For starters, Honda’s recent summer clearance promotion relied on Twitter and short-video sharing site Vine. If consumers used the hashtag #wantnewcar, the auto maker responded within a few hours to some of those unhappy car owners via a personalized Vine video, addressing their original tweet. Social media analytics platform Socialbakers studied the social media boost from the campaign and reported that there were about a few thousand tweets with that hashtag, and that the brand’s “average tweet engagement” rate nearly tripled in the first and second day of the campaign. Also, the automaker earned 1,020 new followers in the first day, compared to a six-month average of 242, and 2,292 mentions compared to a six-month average of 166.
“This results not only in many new conversations between Honda and its supporters that can help the company engage its audience but also enables a crowd-source of the most common problems car owners tend to have with their mechanical friends,” Socialbakers said.
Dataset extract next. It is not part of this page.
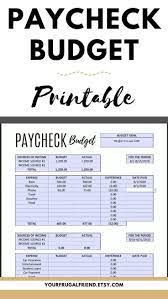 Paycheck To Paycheck Budget Template Zero Based Budget Printable Editable Pdf Bi Monthly Budget Weekly Budget Sizes 8 5 X 11 A4 A5 Paycheck Budget Budgeting Budget Printables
As with most campaigns, the proof of the pudding is in the eating, and whether this results in a sales lift is still unknown. However, this kind of near real-time interaction can create a deeper emotional connection with Honda and perhaps build brand loyalty, Socialbakers posits.
Along those lines, Kellogg’s has boosted its ROI for programmatic marketing campaigns by five to six times by optimizing the campaigns in real time. Using comScore online tools to evaluate metrics such as the percent of impressions reaching the target, the frequency of exposure, and the targeting index, the marketer made adjustments on the fly that improved its overall real-time results.
Other recent developments in the real-time and targeting sphere included online video ad technology firm YuMe’s introduction of multiscreen household targeting tools that deliver interactive ads to various members of a home. Hyundai is on board as a launch partner, and is aiming to elevate overall purchase intent for its cars within a home.